Electric utilities are under increasing pressure to shut down power lines during dangerous weather conditions to stop fires from sparking. State officials want to make sure those shutoffs don’t do more harm than good. The California Public Utilities Commission has voted unanimously to begin crafting new rules for turning off electricity when fire risk is high. The agency’s move follows a second straight year of devastating wildfires across California, some of which were started or may have been started by electric utility equipment. Los Angeles Times

Heartbreaking: Many victims of California’s worst wildfire were elderly and died in or near their homes, new data show.
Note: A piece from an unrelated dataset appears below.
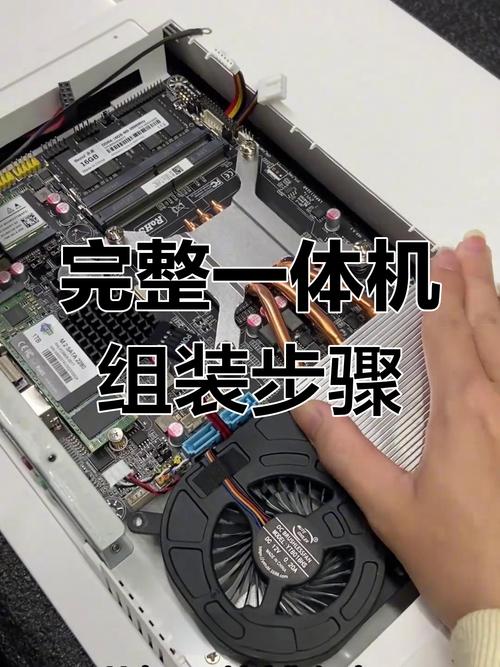 惠普一体机电脑的组装过程中,需要注意以下几点,以确保设备的正常运行和安全。以下是一篇详细的组装指南,帮助您轻松完成惠普一体机电脑的组装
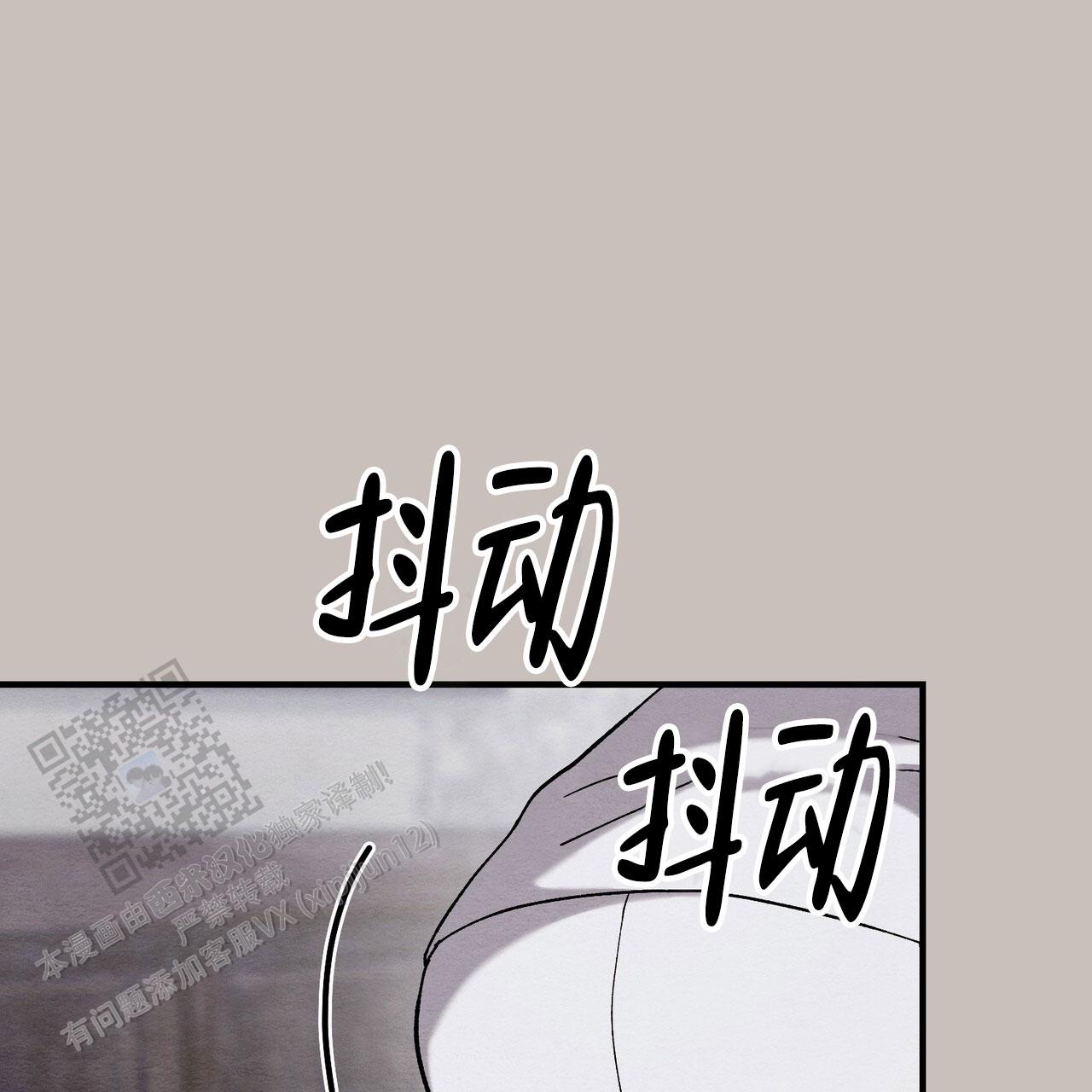 第21话4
Los Angeles Times

Helping displaced families:The Federal Emergency Management Agency wants to put 405 mobile or manufactured homes on a site in Gridley, in addition to the 250-home group site in Chico that was subject of a Chico City Council meeting Wednesday.” Chico Enterprise-Record

Questions of liability: Just days after a lawsuit blamed Pacific Gas & Electric’s equipment for California’s deadliest wildfire, the company has submitted a letter to regulators saying they found bullet-riddled equipment near a second, potential ignition point for the blaze. Los Angeles Times

Death penalty decline

In 2015 and again in 2017, Riverside County held the grim distinction of sending more people to death row than any other county in the nation. But so far this year, no one in Riverside County has been sentenced to death, reflecting a trend seen in California and across the country, according to a new report by the Death Penalty Information Center. Five California counties, among the 10 with the most death sentences nationwide in the past five years, either had no sentences or only two. Los Angeles Times


Get the Essential California newsletter »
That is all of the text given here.